(Input begins)

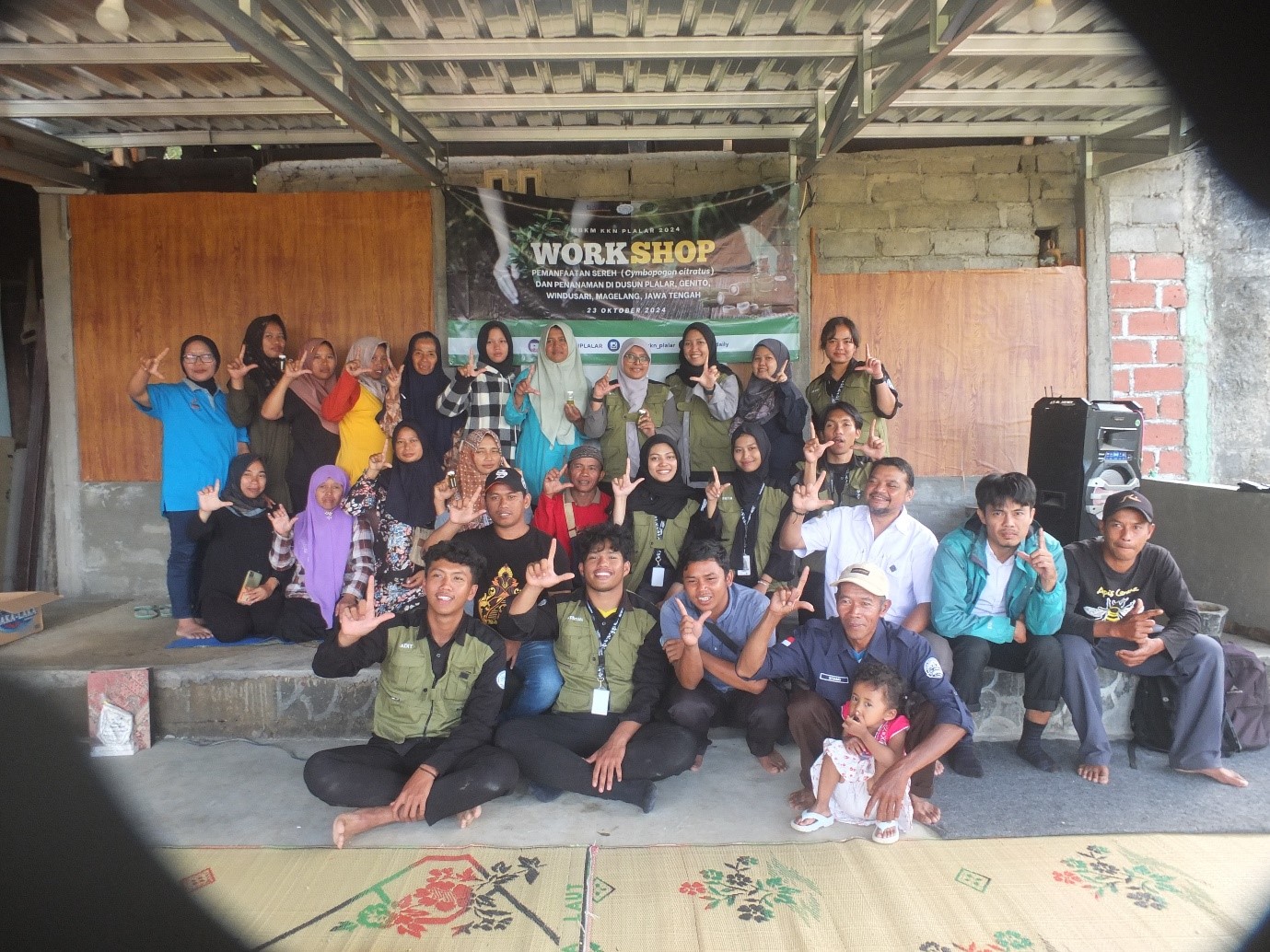 Foto bersama di Workshop Pemanfaatan Sereh dan Penanaman di Dusun Plalar. Foto: Tim MBKM KKN UNS Plalar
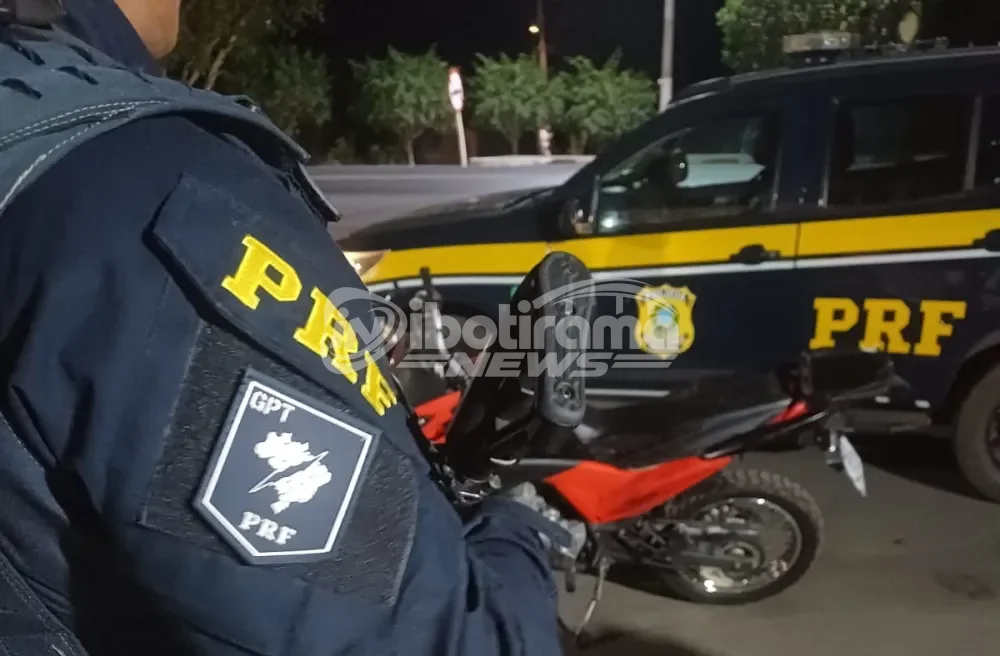 A primeira ocorrência foi registrada por volta do meio-dia, em Oliveira dos Brejinhos. Durante deslocamento para a BR-242, uma equipe da PRF identificou um automóvel estacionado. Os policiais constataram que o veículo possuía registro de roubo/furto. O homem que se apresentou como possuidor do automóvel foi encaminhado à Delegacia Territorial de Polícia Civil de Oliveira dos Brejinhos, juntamente 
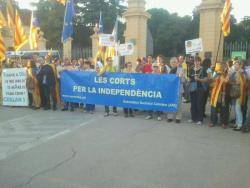 Van formar una cadena envoltant el perímetre dels jardins del palau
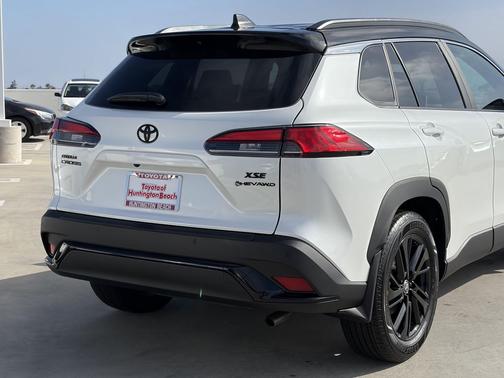 Wind Chill Pearl 2026 Toyota Corolla Cross Hybrid XSE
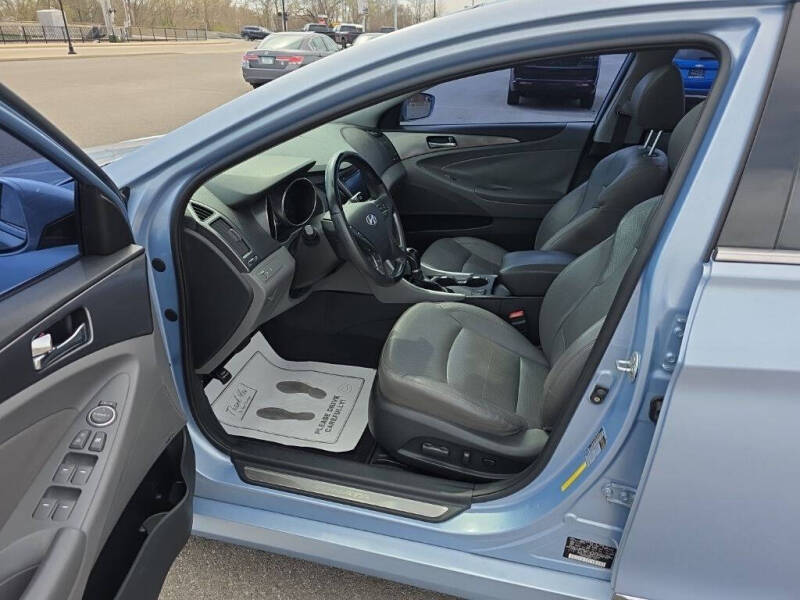 2011 Hyundai Sonata Hybrid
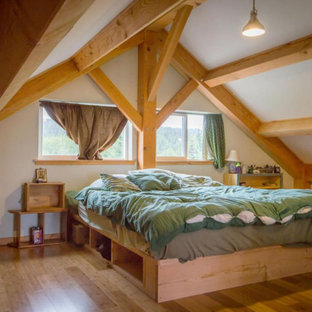 Diseño de dormitorio principal, madera y madera, campestre, grande, madera, con paredes blancas, suelo de bambú, suelo marrón y madera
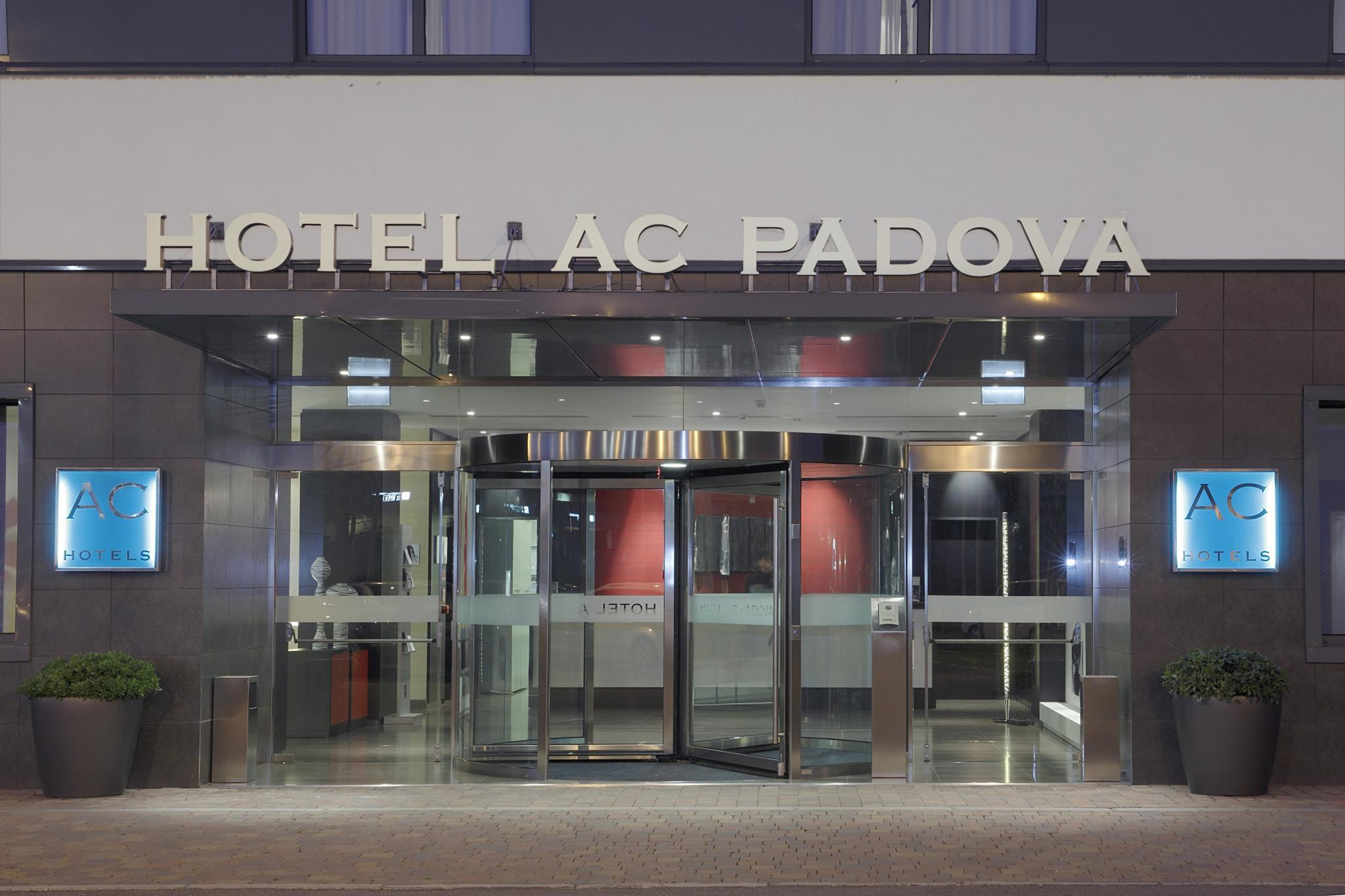 AC Hotel Padova Stop at AC Hotel Padova by Marriott to discover the wonders of Padua. Both business travelers and tourists can enjoy the hotels facilities and services. Service-minded staff will welcome and guide yo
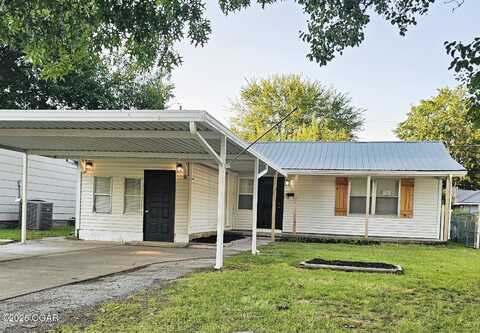 416 Admiral Trussler Boulevard, Miami, OK 74354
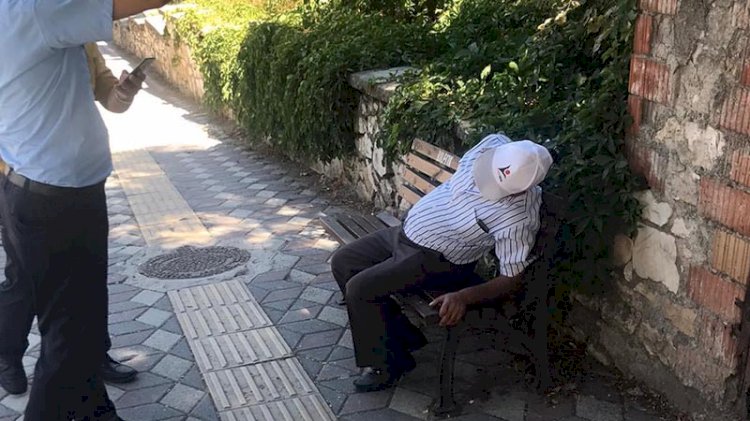 Bankta otururken kalp krizi geçirdi, 45 dakikalık kalp masajıyla hayata döndü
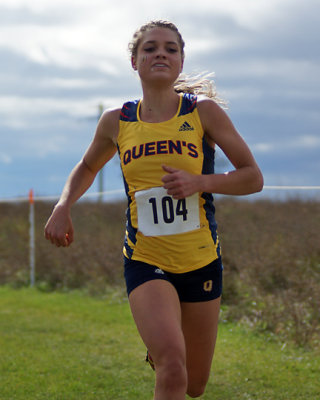 Queen's WCross Country 09007 copy.jpg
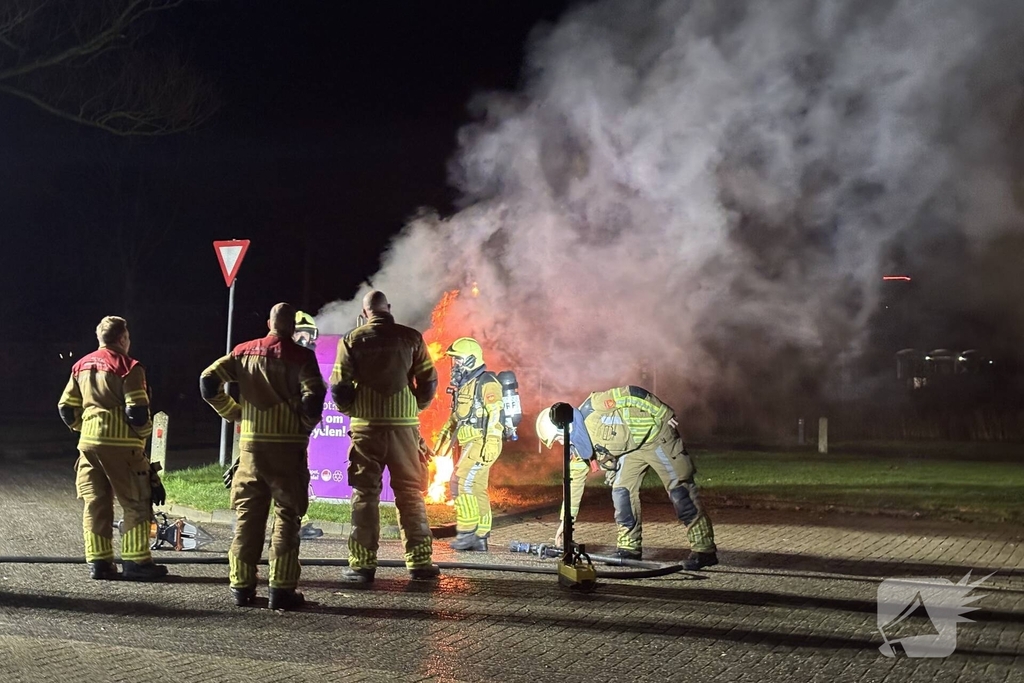 Rookontwikkeling en uitslaande brand in kledingcontainer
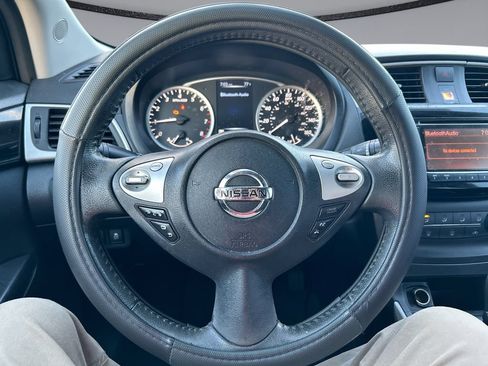 Used 2017 Nissan Sentra SV FWD image 13
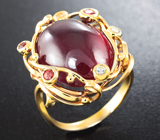Золотое кольцо с рубином 18+ карат, оранжевыми и бесцветными сапфирами Золото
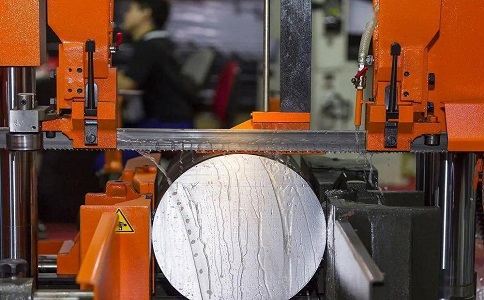 盐亭立式金属带锯床切削出现跑带故障解决方法！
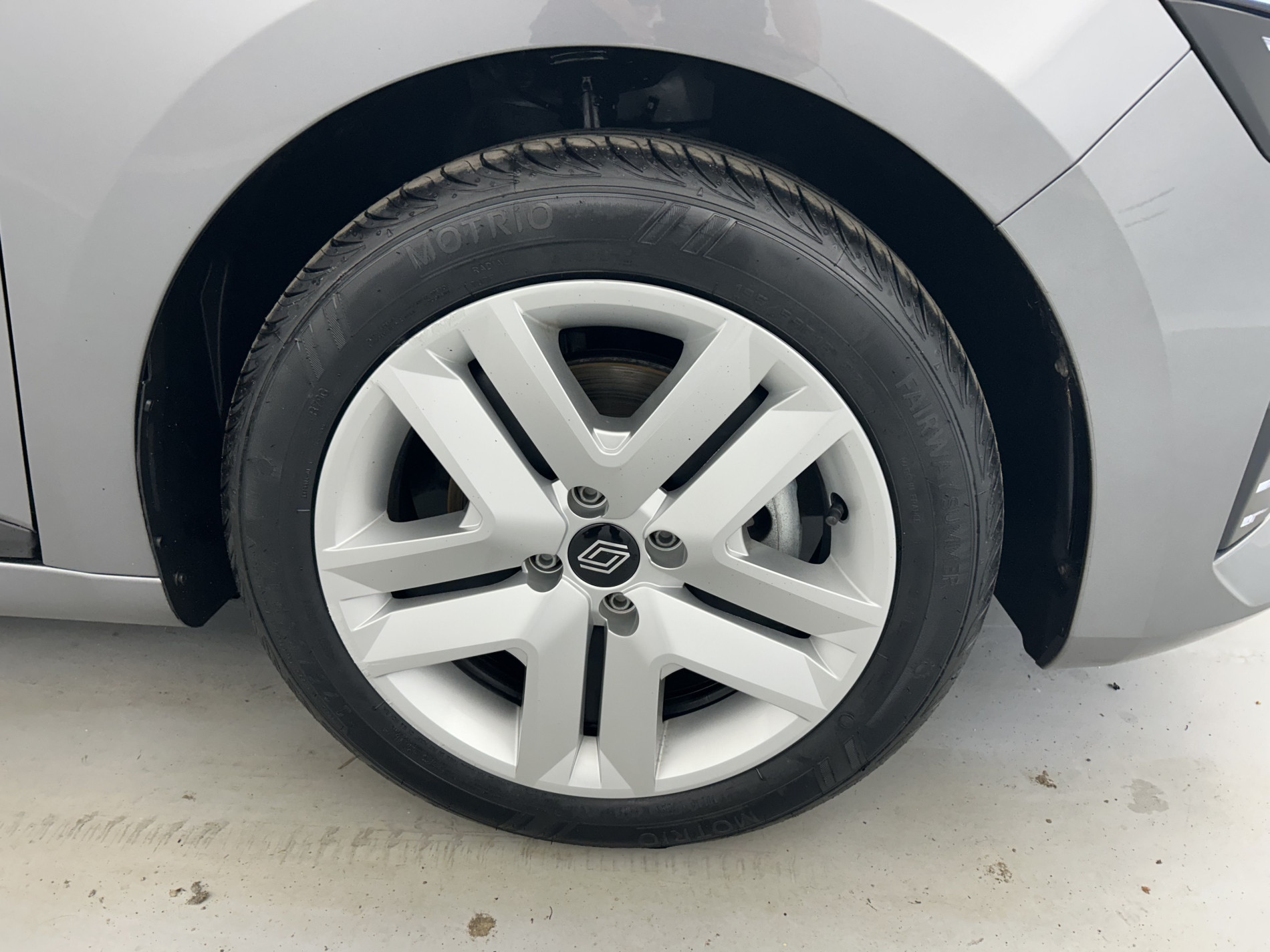 Vente en ligne Renault Clio 5 Clio E-Tech full hybrid 145 ch GSR2 au prix de 18 990 €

(Input ends)

**Problem details:** Output every entry above exactly as written, but omit the pictures.

**Task output:**
 Foto bersama di Workshop Pemanfaatan Sereh dan Penanaman di Dusun Plalar. Foto: Tim MBKM KKN UNS Plalar
 A primeira ocorrência foi registrada por volta do meio-dia, em Oliveira dos Brejinhos. Durante deslocamento para a BR-242, uma equipe da PRF identificou um automóvel estacionado. Os policiais constataram que o veículo possuía registro de roubo/furto. O homem que se apresentou como possuidor do automóvel foi encaminhado à Delegacia Territorial de Polícia Civil de Oliveira dos Brejinhos, juntamente 
 Van formar una cadena envoltant el perímetre dels jardins del palau
 Wind Chill Pearl 2026 Toyota Corolla Cross Hybrid XSE
 2011 Hyundai Sonata Hybrid
 Diseño de dormitorio principal, madera y madera, campestre, grande, madera, con paredes blancas, suelo de bambú, suelo marrón y madera
 AC Hotel Padova Stop at AC Hotel Padova by Marriott to discover the wonders of Padua. Both business travelers and tourists can enjoy the hotels facilities and services. Service-minded staff will welcome and guide yo
 416 Admiral Trussler Boulevard, Miami, OK 74354
 Bankta otururken kalp krizi geçirdi, 45 dakikalık kalp masajıyla hayata döndü
 Queen's WCross Country 09007 copy.jpg
 Rookontwikkeling en uitslaande brand in kledingcontainer
 Used 2017 Nissan Sentra SV FWD image 13
Золотое кольцо с рубином 18+ карат, оранжевыми и бесцветными сапфирами Золото
 盐亭立式金属带锯床切削出现跑带故障解决方法！
 Vente en ligne Renault Clio 5 Clio E-Tech full hybrid 145 ch GSR2 au prix de 18 990 €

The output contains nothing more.